1. PAYMENTS. Unless otherwise agreed to by Aversion Technologies in writing, all amounts payable hereunder shall be due to Aversion Technologies within thirty (30) days of invoice date, time being of the essence. Late payments shall bear interest at the rate of 18% per annum or the highest rate permitted by law; whichever is less. All prices shown are net, and, in addition to the price of goods customer shall pay all expenses including taxes, insurance, freight, carriage, and warehousing.
2. TAXES AND PRICING. All prices quoted are subject to change without notice and are exclusive of taxes. Customer shall pay all taxes resulting from transactions, including without limitation excise, sales, or use taxes, customs duties or other tax.

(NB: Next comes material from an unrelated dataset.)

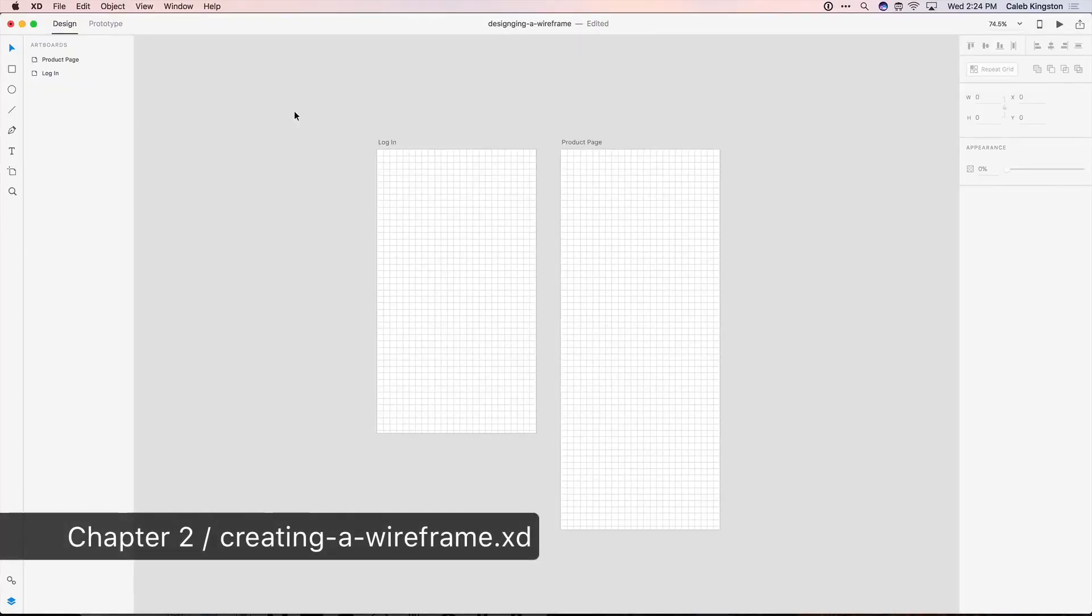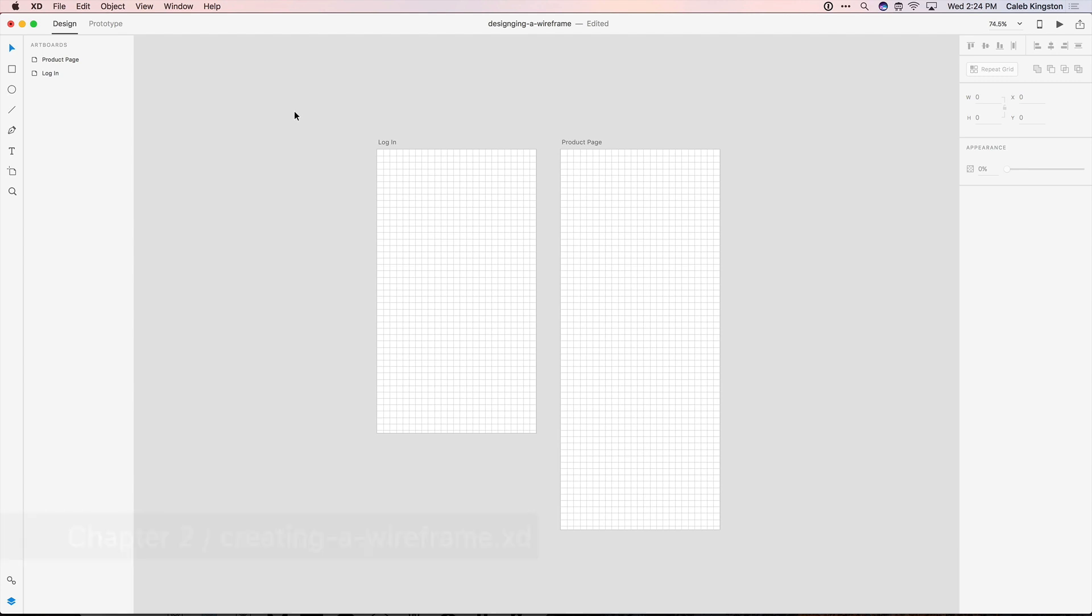Now that we have our artboards and grids in place, we can get started with our content wireframing. And the purpose of wireframing is to quickly drop down the elements that you know you need and then you can change those elements later as you're designing.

3. SHIPMENT. (a) Scheduled shipment date is an estimate only. If Customer refuses shipment, then Aversion Technologies is authorized to have the goods transported and warehoused, at the Customer’s expense and risk, which act shall constitute shipment to Customer, in which event, Aversion Technologies may declare all amounts immediately due; (b) Aversion Technologies may make partial shipments hereunder and may invoice for each such partial shipment separately. Each partial shipment will be deemed to be a separate sale; however, delay in delivery of any partial shipment will not relieve Customer of its obligation to accept delivery of remaining shipments; (c) Aversion Technologies’ shipping weights will govern for each shipment or partial shipment. Should Customer dispute the shipping weight of any shipment or partial shipment, Customer will promptly notify Aversion Technologies in writing of the reasons for such dispute and provide to Aversion Technologies all necessary documentation to substantiate the difference.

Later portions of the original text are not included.